La première fois, on ne va pas à Deshaies, on tombe dessus à l’improviste. Que l’on arrive du Nord ou du Sud, la baie apparaît à nos pieds comme un modeste trésor caché. Le boulevard des Poissonniers dans un sens, la rue de la Liberté dans l’autre et c’est à peu près tout, si l’on ajoute la rue de la Vague Bleue qui monte au cimetière et à l’école, ou inversement. Deshaies n’est qu’un fin sourcil posé au-dessus de l’œil bleu turquoise dans lequel il se reflète. C’est un village simple à l’écart des sentiers battus par les touristes qui ne rêvent que de transats et de plages privées.
A Deshaies, quand le vent bouscule l’après-midi, on peut voir des pélicans qui pêchent entre les bateaux amarrés sous le ciel noir qui annonce l’averse. Les rues sont désertes et les oiseaux plongent à la verticale en visant les poissons. Deshaies est un village magique par la couleur que lui donne le soir le soleil juste avant de le tromper avec d’autres, plus à l’Ouest. Certainement pour se faire pardonner son infidélité, que l’on ne soupçonne pas tant on est certain qu’il est définitivement éteint après l’avoir vu disparaître, là. A cette heure, ses rayons se glissent entre les maisons, arrosent les toits de tôle, éclaboussent les façades. On ne sait plus où regarder, où tendre la joue pour recueillir les dernières brûlures de la journée. On prend des photos pour capter le spectacle mais on sait bien que c’est impossible, qu’il faudrait aussi fixer les parfums et le vent.

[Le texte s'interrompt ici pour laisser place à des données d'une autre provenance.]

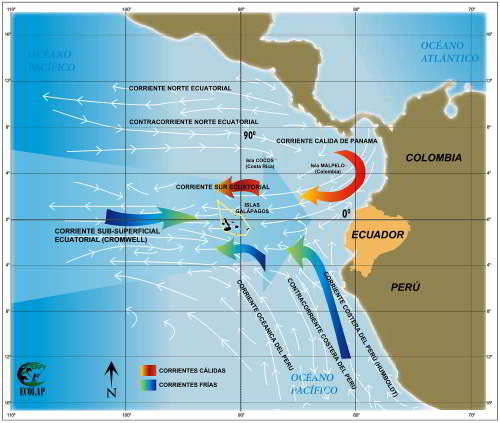 GALAPAGOS ISLANDS MARINE RESERVE: The origins of the currents surrounding Galapagos.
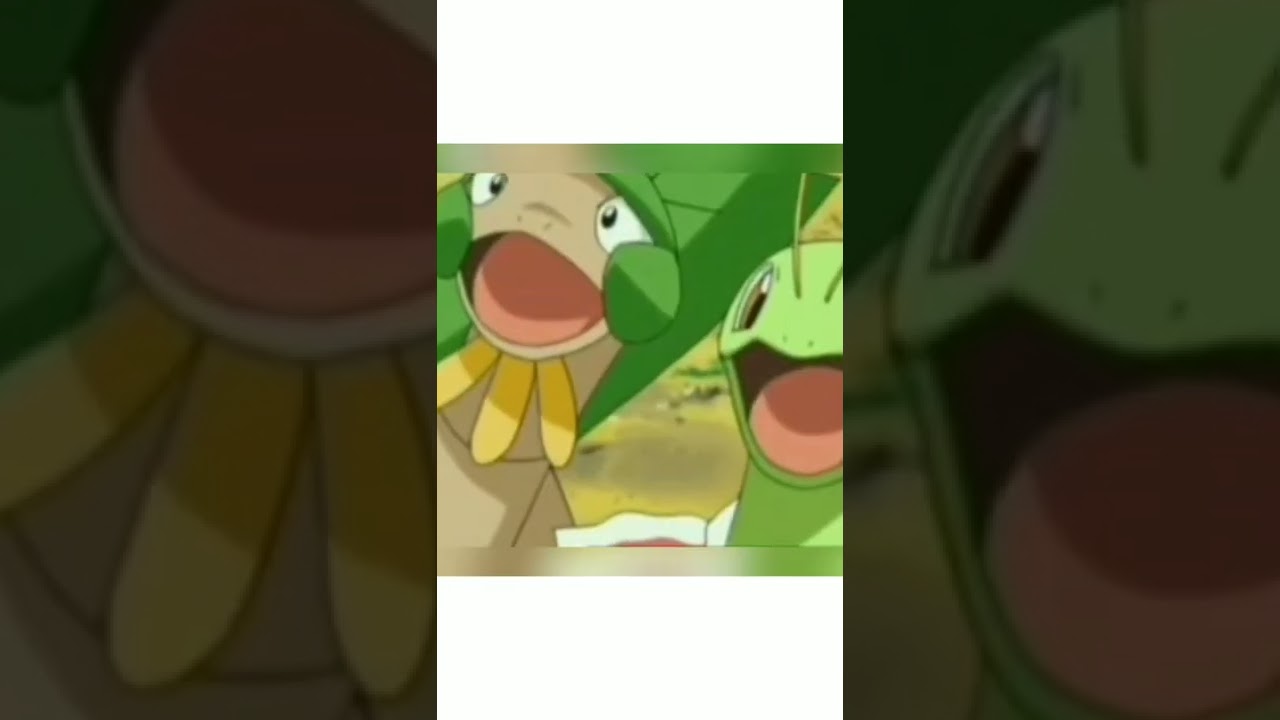 Evolution of treecko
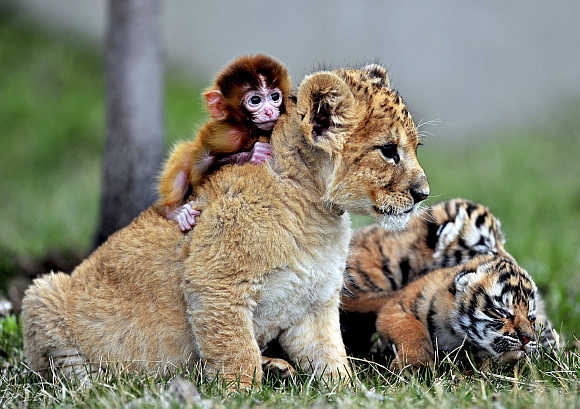 A baby monkey, a lion cub and tiger cubs play at the Guaipo Manchurian Tiger Park in Shenyang, Liaoning Province, China. Photo is for representation purpose only.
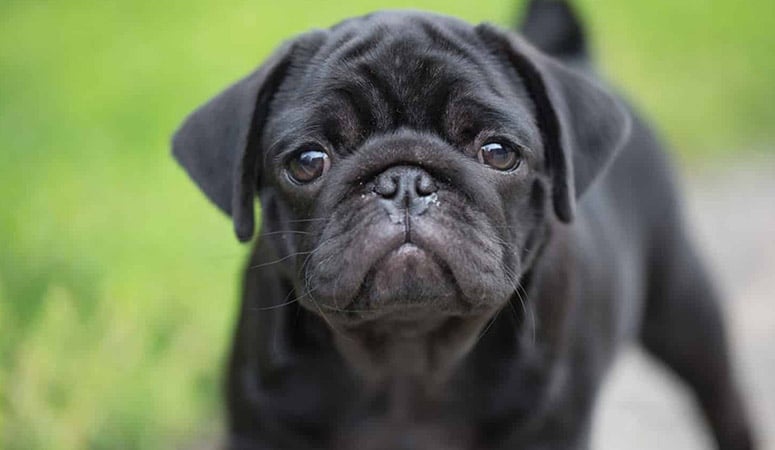 Pug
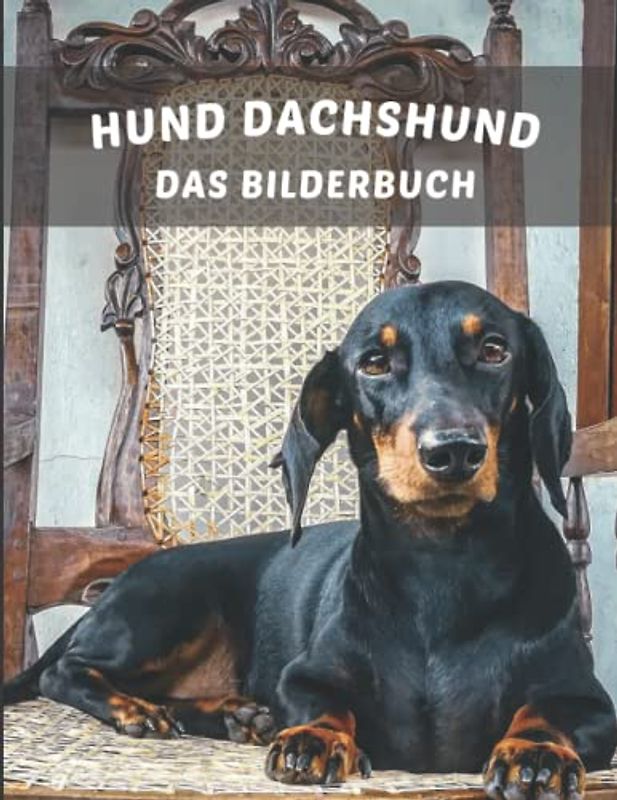 Hund Dachshund Das Bilderbuch: Das Bilderbuch des erstaunlichen Hundes Dackel für Senioren, demente Hundeliebhaber, Erwachsene mit Alzheimer und zur ... Patienten, die an Gedächtnisverlust leiden.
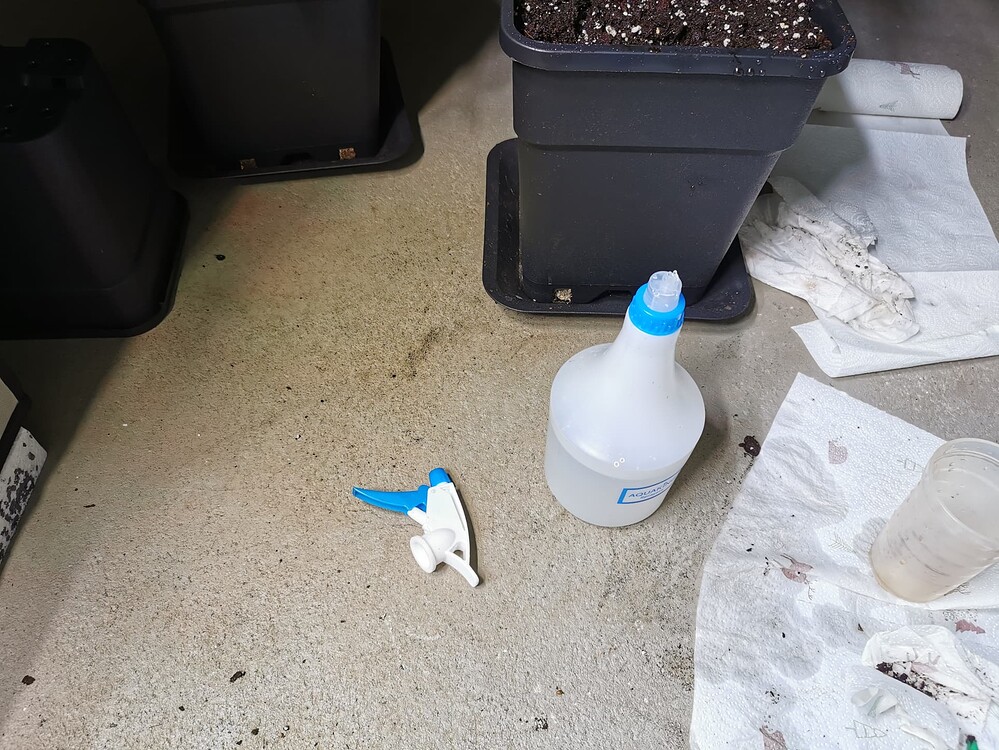 Growreport Bild 7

On revient le matin, quand la mer est bleue. L’incendie de la veille n’a laissé aucune trace. Dans la baie, quelques voiliers, on s’approche de cette maison en bordure de plage. Ce n’est plus qu’une ruine mise à mal par une houle trop forte, un vent qui dérape. Les éléments ne méritent ici qu’une confiance limitée dans le temps. Ils sont capricieux, changeants et parfois démesurément déchaînés face à un si petit papillon. Ils sont ainsi capables de donner l’impression que cette maison a été soulevée et reposée de travers, presque à la même place mais de biais. Il manque tout un côté et l’on se dit qu’avec les bateaux derrière, la photo pourrait être intéressante. On s’avance encore un peu et, derrière un volet miraculé, on voit un homme qui dort sur un matelas. On se sent un peu bête et l’on recadre sur les palmiers. La misère au soleil n’est moins pénible que pour ceux qui en sont témoins.
Le soir à Deshaies, on fait le boulevard des Poissonniers pour boire un verre, pour acheter des accras, pour se réapprovisionner en rhum (très bien) arrangé. Un autre soir, on s’asseoit dans le seul café de la rue parallèle. Tout nouveau, à côté de l’église. Les militaires qui naviguent dans la baie depuis quelques jours sont là aussi, transpirant la douce camaraderie des soirées à terre. Ça chante, ça rie, ça nous montrerait bien ses fesses s’il n’était pas si tôt. Une chanson paillarde est quand même lancée. Après deux phrases, l’attablé du bout stoppe d’un geste l’élan des autres, qui s’arrêtent dans un silence aussi absolu qu’inattendu. Le gradé, sans doute, vient de constater que le reste de l’assistance est très familial. Il est toujours réconfortant, loin de chez soi, de pouvoir faire confiance à la marine française.
Juste à côté du bar, dans la maison un peu en retrait, la lumière de la terrasse s’éteint toute seule, indifférente à la prestation de la fine chanteuse qui officie maintenant au milieu des militaires. On rentre. On laisse Deshaies dans le noir, avec cette seule veilleuse musicale. Deshaies est comme un enfant que l’on abandonne dans sa chambre après une belle histoire. On part mais on sait qu’il est en sécurité, qu’il est là, juste à côté. Et surtout, on sait qu’on le retrouvera le lendemain.